To make sure that the classifier doesn't simply "remember" all the data, we will put some data aside before we train the classifier. This way, we can ensure that the algorithm actually extracts useful rules and is not only remembering examples.

We will do this by using the function [`sklearn.model_selection.train_test_split`](https://scikit-learn.org/stable/modules/generated/sklearn.model_selection.train_test_split.html), which allows us to get well sampled training and test sets.


In [None]:
import pandas as pd

In [None]:
df = pd.read_csv('train.csv')
df = df.fillna(0)

In [None]:
from sklearn.model_selection import train_test_split

features = ["Pclass", "Age", "SibSp", "Parch", "Fare"]

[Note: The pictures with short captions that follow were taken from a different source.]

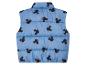 Un gilet bleu avec un motif Mickey Mouse.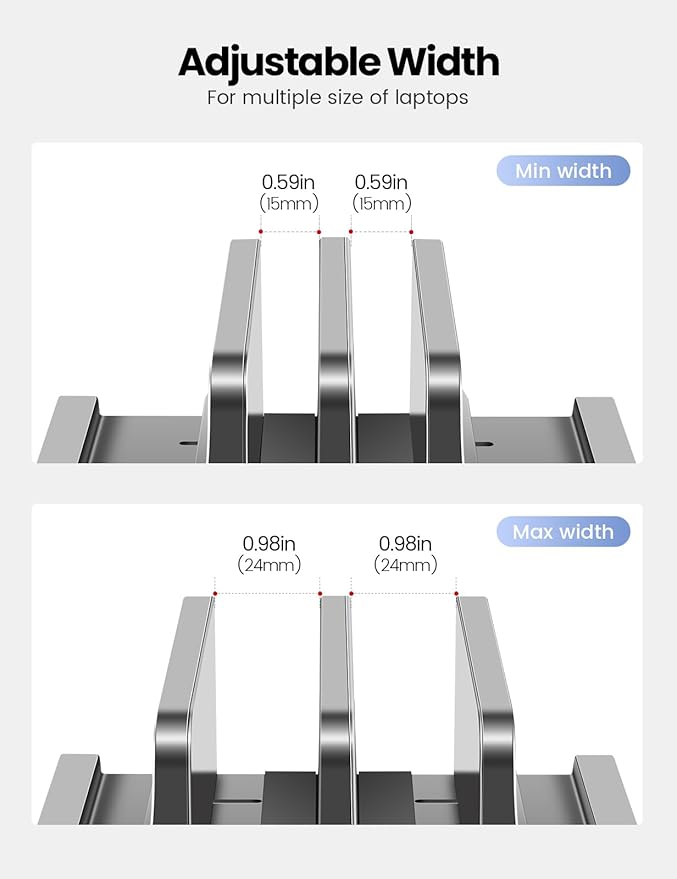 Vaydeer Vertical Laptop Stand - Image 6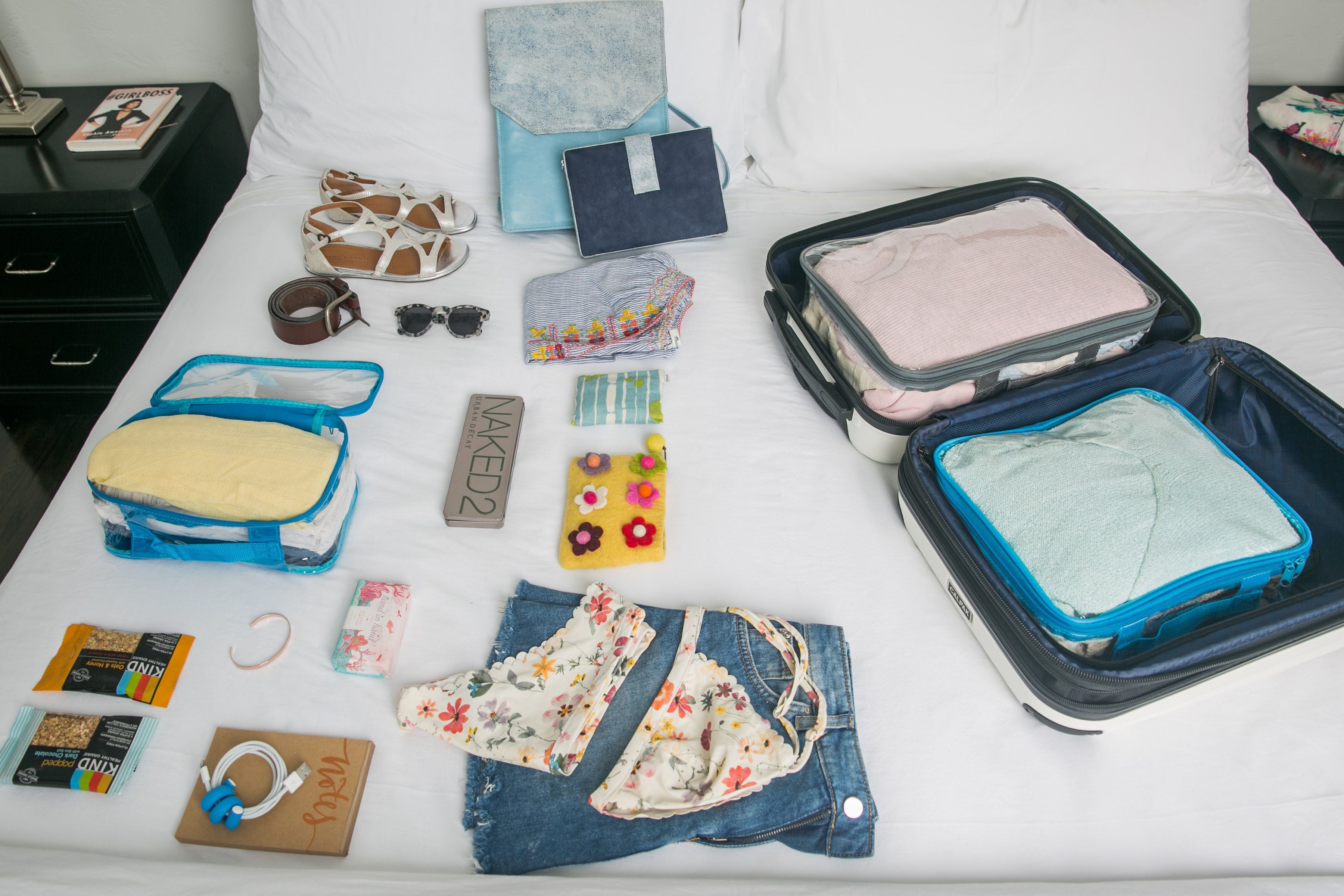 Travel essentials for packing a carry on suitcase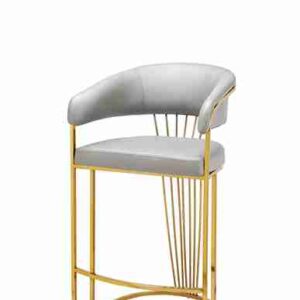 Posh Grey with Gold bar stool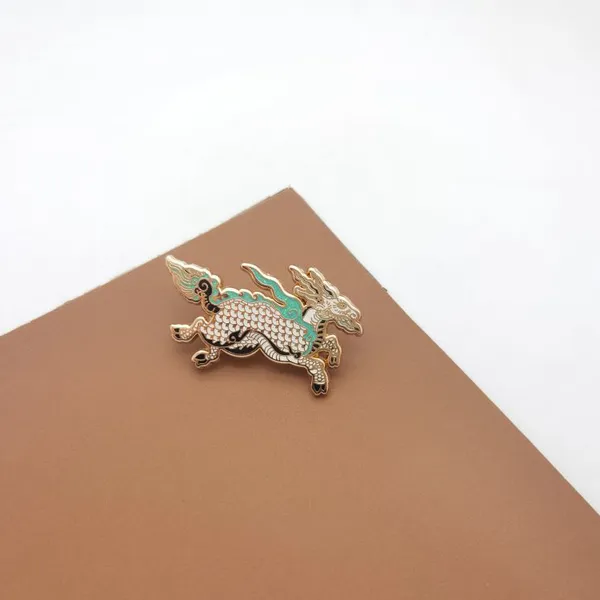 Cooperstown Flushing Raiders Pin With Glitter photo-2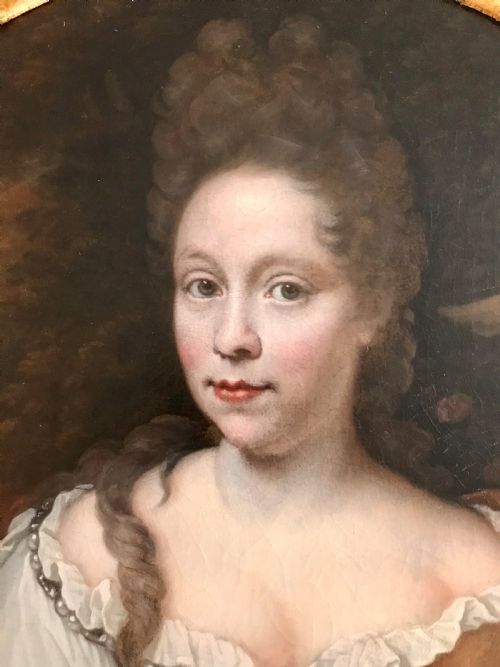 fig 2. Portrait of Catharina Margaretha Beck c.1695; Attributed to Johannes van Haensbergen.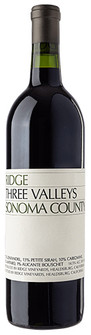 Picture of RIDGE ZINFANDEL "THREE VALLEYS" SONOMA COUNTY 750mL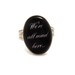 Cheshire cat We're All Mad Here Alice in Wonderland charm ring .. adjustable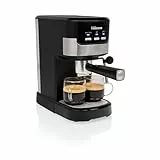 Tristar Máquina de Espresso 2 tazas a la vez | Apta para cápsulas de Nespresso y café molido | Calienta tazas | Apto para lavavajillas | 20 bares | 1100 W | CM-2278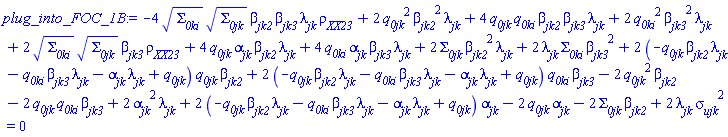 -4*Sigma__0ki^(1/2)*Sigma__0jk^(1/2)*beta__jk2*beta__jk3*lambda__jk*rho__XX__23+2*q__0jk^2*beta__jk2^2*lambda__jk+4*q__0jk*q__0ki*beta__jk2*beta__jk3*lambda__jk+2*q__0ki^2*beta__jk3^2*lambda__jk+2*Sigma__0ki^(1/2)*Sigma__0jk^(1/2)*beta__jk3*rho__XX__23+4*q__0jk*alpha__jk*beta__jk2*lambda__jk+4*q__0ki*alpha__jk*beta__jk3*lambda__jk+2*Sigma__0jk*beta__jk2^2*lambda__jk+2*lambda__jk*Sigma__0ki*beta__jk3^2+2*(-q__0jk*beta__jk2*lambda__jk-q__0ki*beta__jk3*lambda__jk-alpha__jk*lambda__jk+q__0jk)*q__0jk*beta__jk2+2*(-q__0jk*beta__jk2*lambda__jk-q__0ki*beta__jk3*lambda__jk-alpha__jk*lambda__jk+q__0jk)*q__0ki*beta__jk3-2*q__0jk^2*beta__jk2-2*q__0jk*q__0ki*beta__jk3+2*alpha__jk^2*lambda__jk+2*(-q__0jk*beta__jk2*lambda__jk-q__0ki*beta__jk3*lambda__jk-alpha__jk*lambda__jk+q__0jk)*alpha__jk-2*q__0jk*alpha__jk-2*Sigma__0jk*beta__jk2+2*lambda__jk*sigma__ujk^2 = 0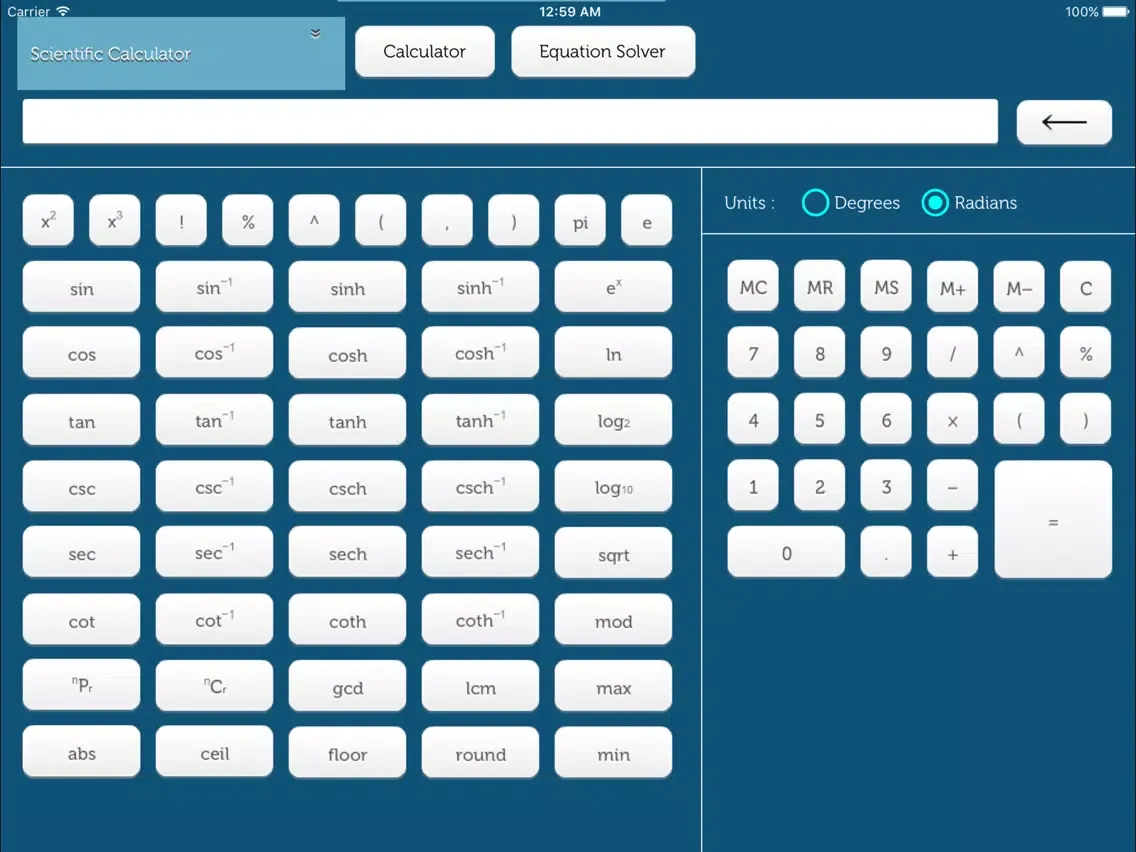 Ảnh chụp màn hình của Mathematics + iPad 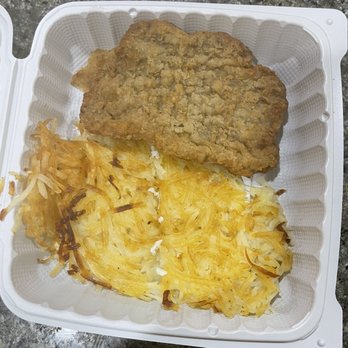 Renton Countryside Cafe - Exactly what my Country Fried Steak and eggs looked like when I got home No gravy or eggs - Breakfast & Brunch Near Me - Renton, Washington Renton Countryside Cafe - Exactly what my Country Fried Steak and eggs looked like when I got home No gravy or eggs - Breakfast & Brunch Near Me - Renton, Washington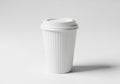 The cup has a standard shape commonly used for takeaway coffee Royalty Free Stock Photo
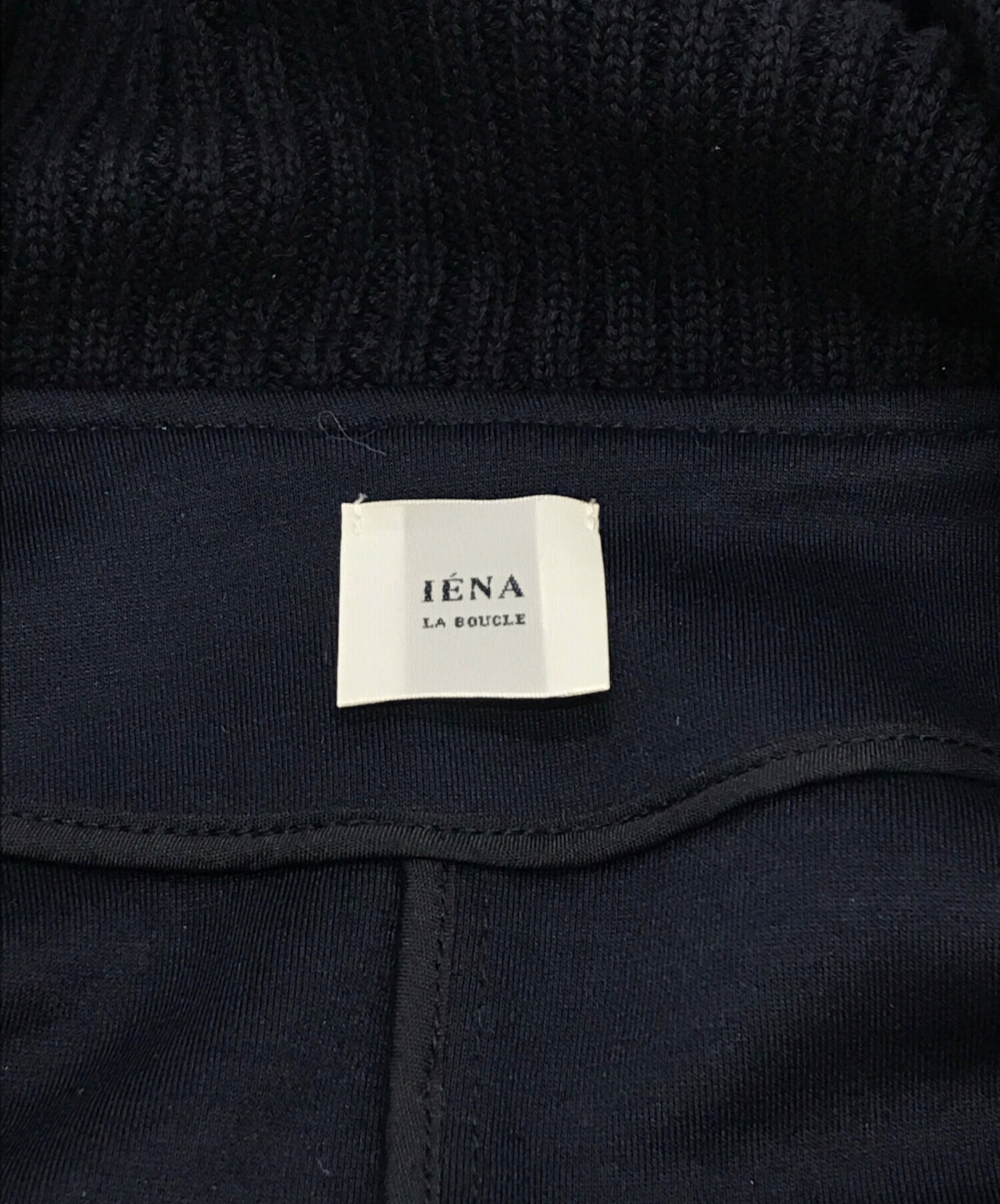 中古・古着通販】IENA LA BOUCLE (イエナ ラ ブークル) リブ襟 中古・古着通販】IENA LA BOUCLE (イエナ ラ ブークル) リブ襟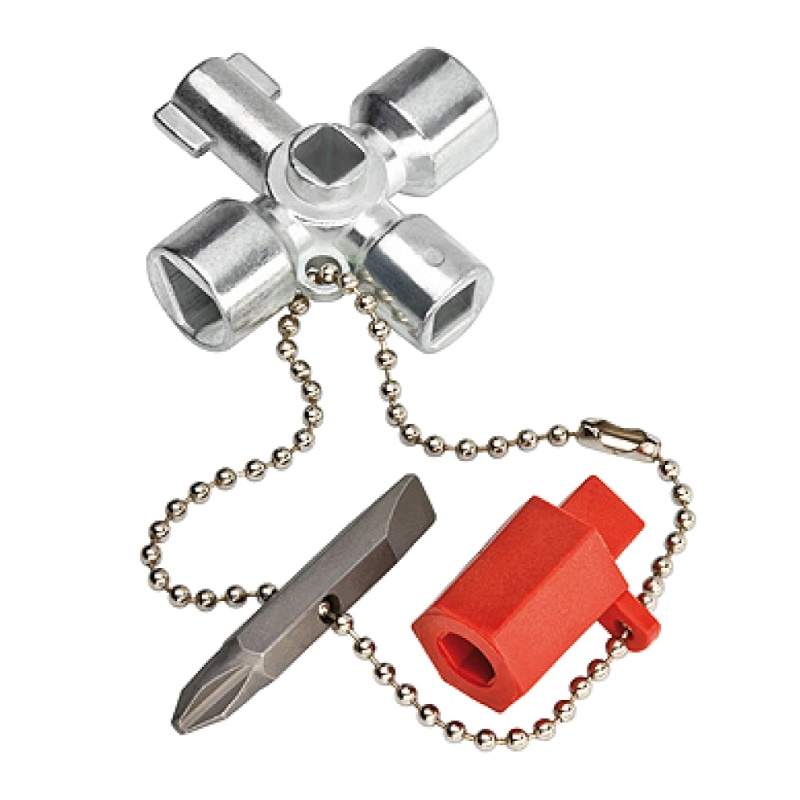 Ключ крестовой Knipex KN-001102, 4-лучевой, для стандартных шкафов, 44 мм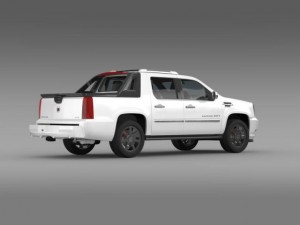 cadillac escalade ext 3D 模型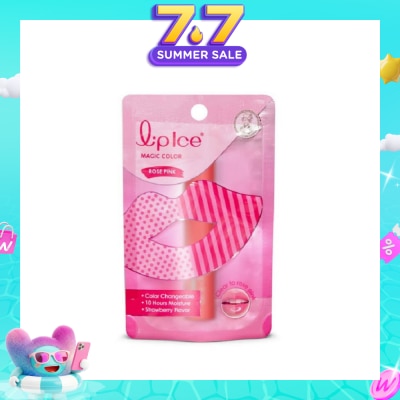 MENTHOLATUM - Lip Ice Magic Colour Rose Pink, Strawberry 2g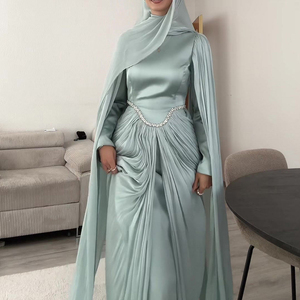 <span class=keywords><strong>Abaya</strong></span> de Luxe pour l'Aïd, <span class=keywords><strong>Kimono</strong></span> Islamique, Robe Musulmane pour Femme, Broderie Florale, Soie Organza Brillante, Modeste et Magnifique, <span class=keywords><strong>Abaya</strong></span> de Dubaï - Product Image 3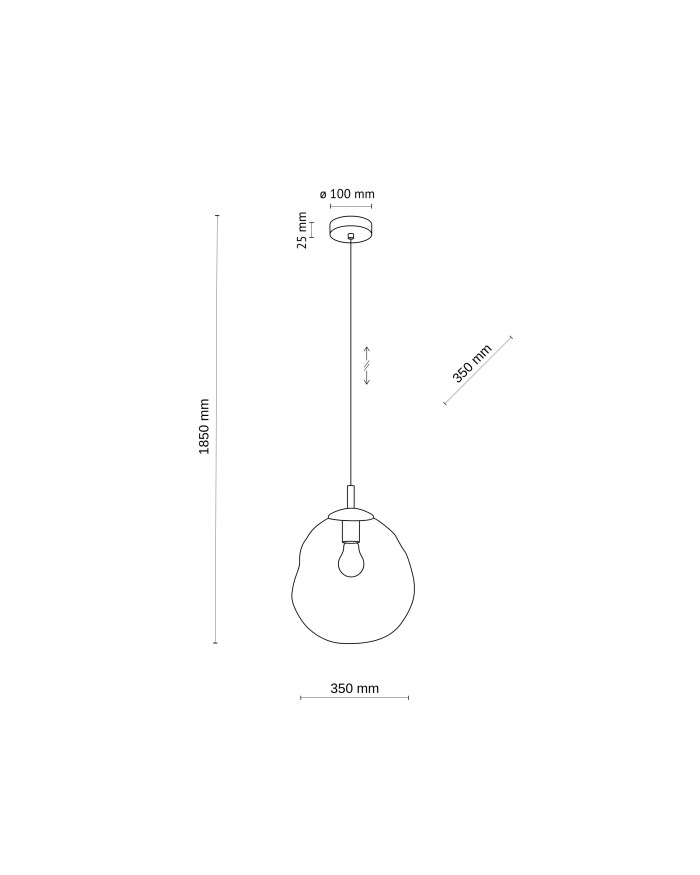 Підвісний світильник TK Lighting 11325 LAVA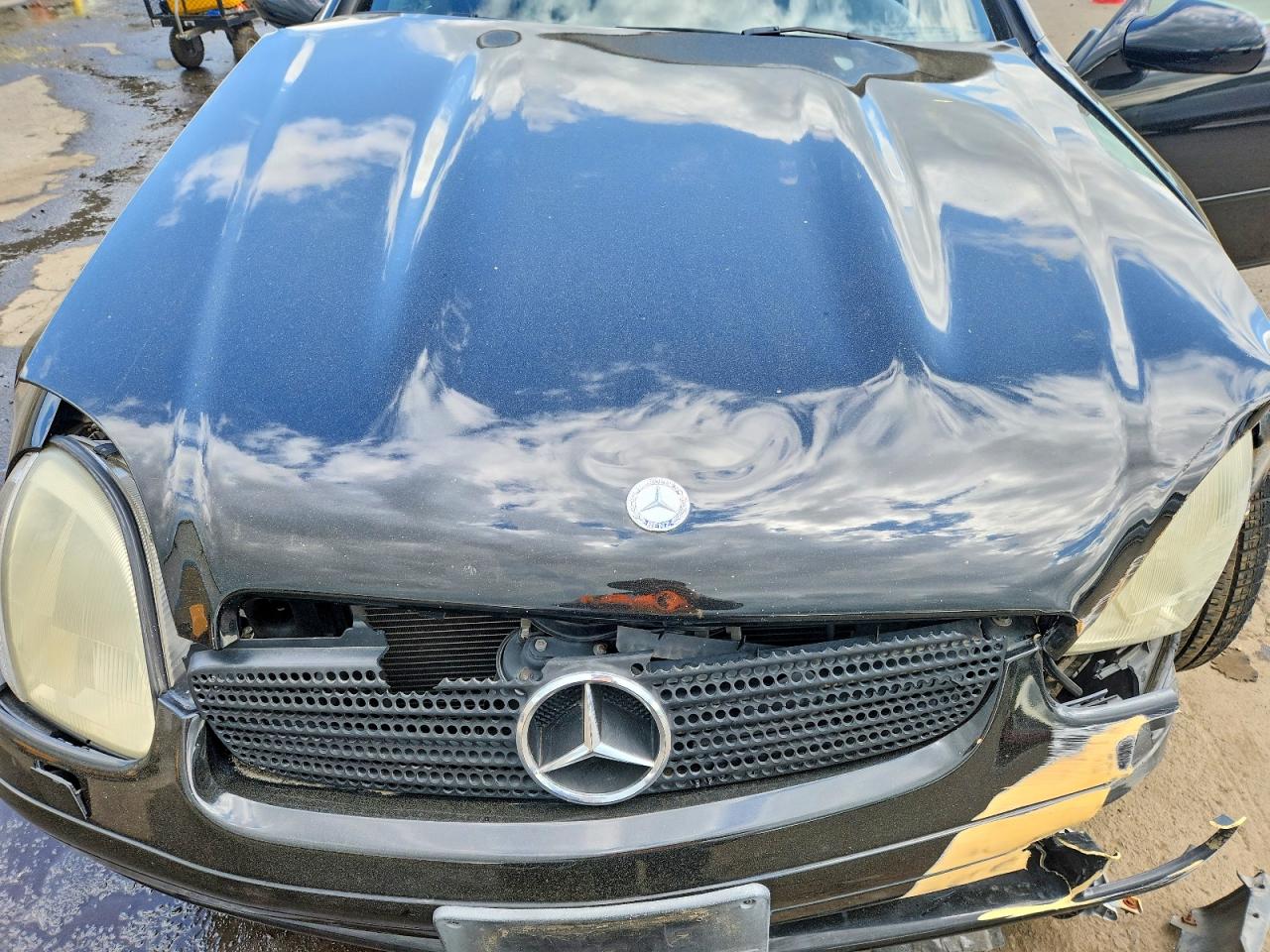1998 Mercedes-benz Slk 230 Kompressor Black vin: WDBKK47F0WF063771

xTrain, xTest, yTrain, yTest = train_test_split(
    df[features],
    df["Survived"],
    stratify = df["Survived"],
    random_state = 42
)

In [None]:
from sklearn.tree import DecisionTreeClassifier
tree = DecisionTreeClassifier()
tree.fit(xTrain, yTrain)
tree.score(xTrain, yTrain)

In [None]:
tree.score(xTest, yTest)

In [None]:
df["Survived"].mean()

As we can see the accuracy we can expect on unknown data is only 0.63%. Given that the probability to die is $1 - 0.38 = 0.62$ we could have achieved the same accuracy saying everyone will die. Not to good is it?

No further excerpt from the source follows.